Usually there are two level marks in the reservoir. The lower one is used when the fluid is cold, and the upper one when it is hot. Read the level with the car on flat ground; remember to replace the reservoir cap.
If the level is low, there is probably a leak. Check all the hose joints: they should be tight, but not cutting into the hose ends. Check that the hoses are not cracked, perished or chafed. Look for leaks oozing sticky fluid.
Check any rigid pipework attached to the pump, reservoir and rack (or steering box). Look for leaks from the pipe unions and for sticky fluid trails. If none is immediately visible, clean the parts with engine degreaser.
Have a helper start the car and turn the steering wheel from lock to lock while you look again for leaks.
If you find a leaking joint, tighten it and top up the reservoir. Normally, automatic-transmission fluid is used, but consult the car handbook. Bleed the system to remove any air bubbles.
The drive belt may need adjusting or replacing (See Adjusting and replacing a power-steering drive belt). Any more serious maintenance should be done by a garage.
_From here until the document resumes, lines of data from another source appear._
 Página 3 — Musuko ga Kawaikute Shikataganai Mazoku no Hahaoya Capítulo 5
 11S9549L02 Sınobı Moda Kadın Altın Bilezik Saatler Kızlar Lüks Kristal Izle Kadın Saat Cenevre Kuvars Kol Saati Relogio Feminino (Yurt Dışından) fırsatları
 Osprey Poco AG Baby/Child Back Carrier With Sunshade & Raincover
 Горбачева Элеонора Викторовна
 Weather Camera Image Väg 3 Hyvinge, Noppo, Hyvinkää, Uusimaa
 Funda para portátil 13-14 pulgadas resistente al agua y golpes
Checking power-steering fluid
Make sure the car is standing on flat ground. There may be hot and cold level marks inside the top of the reservoir.
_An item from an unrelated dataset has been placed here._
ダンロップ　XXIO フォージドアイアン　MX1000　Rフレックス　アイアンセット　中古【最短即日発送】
If not, the level may be up to the top of a circular filter plate fitted to the centre spindle; look in the car handbook to find whether this is the hot or cold level.
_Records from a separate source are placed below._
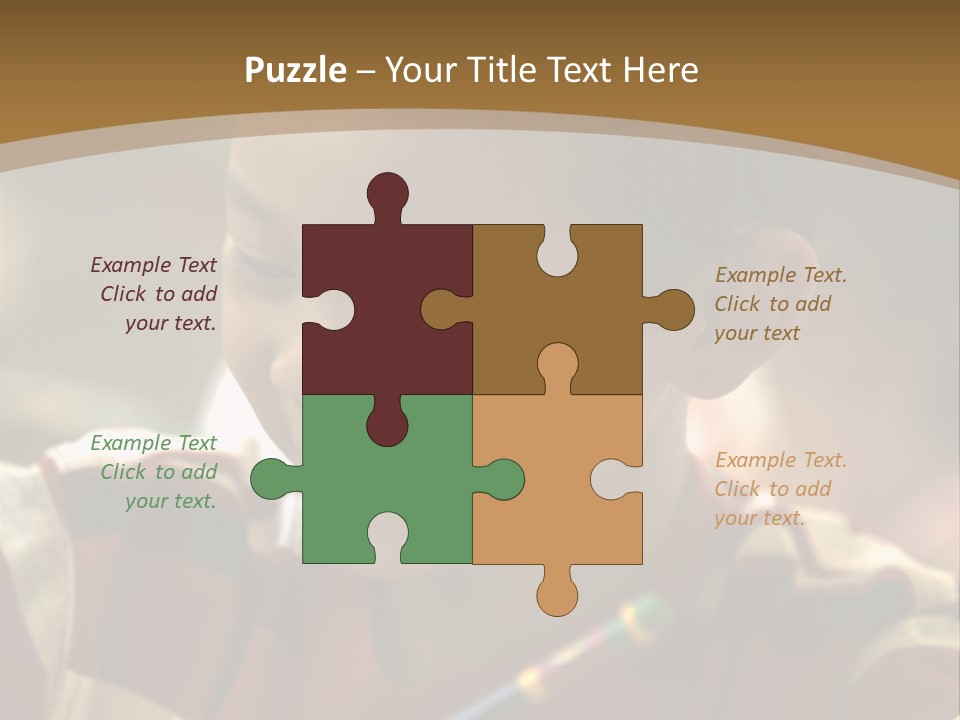 Teaching Knowledge Seated PowerPoint Template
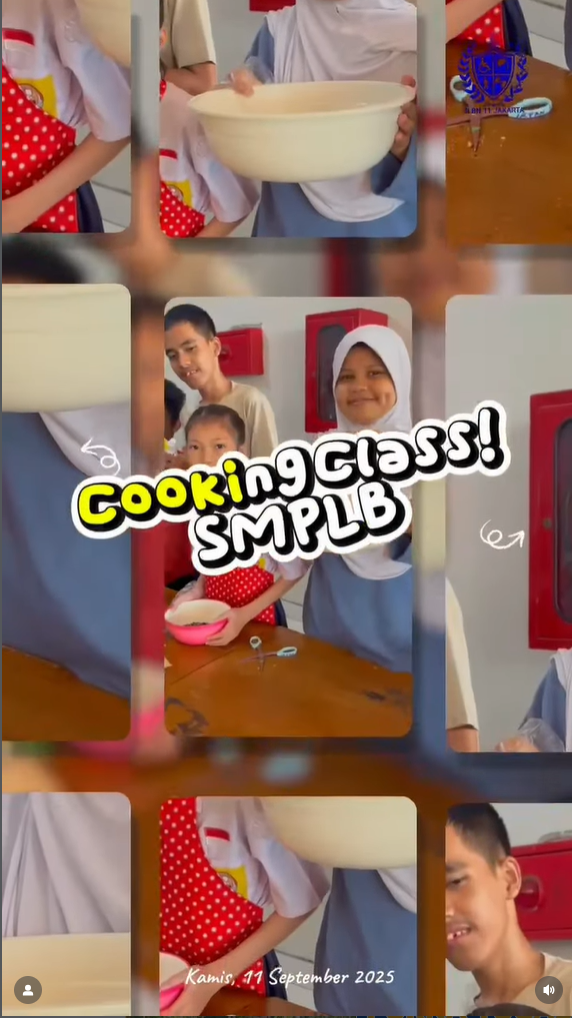 cooking class smplb 11 jakarta
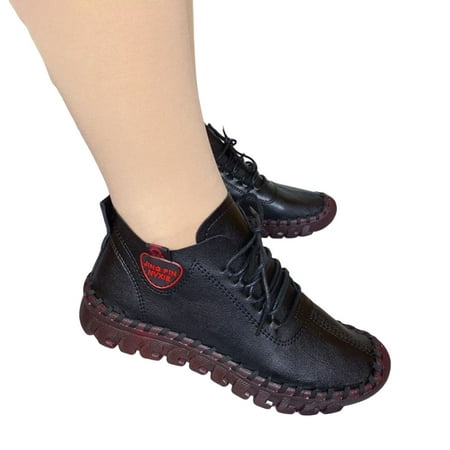 JFYi Loafers 1 Pair Protect Anti-skid Wearable Spring Casual Mom Shoes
On a centre-spindle reservoir, the whole lid is removed by unscrewing a wingnut.
Alternatively, there may be a dipstick on the bottom of the cap. Remove the cap, wipe the stick with a lint-free rag, screw back fully and remove again to read the level.
How to bleed power steering
Put on the handbrake and keep the car in neutral gear; if the car is an automatic, put it in Park before starting the engine.
Run the engine until it reaches normal working temperature. Leave it idling.
Turn the steering from lock to lock several times to heat the fluid. Switch off the engine.
Look into the reservoir; if there are bubbles, there is air in the system. Top up the fluid to the hot level and replace the cap.
Jack up the front of the car with both wheels just off the ground. Turn the steering from lock to lock three times.
Check the fluid level, topping up if necessary. Start the engine.
Slowly turn the wheels from lock to lock three times. Check the fluid level again, and top up if necessary. Note the exact level when you have done this. Replace the reservoir cap and switch off.
Lower the car and restart the engine. Turn the steering from lock to lock five times, then centre it exactly. Switch off, and look in the reservoir.
There should be no bubbling or frothing. The fluid level should not have risen by more than a small amount.
If the fluid is bubbling or has risen much, repeat the whole process from the start.
Finally re-examine the complete system for leaks. If there is still a problem, have the system checked by a garage.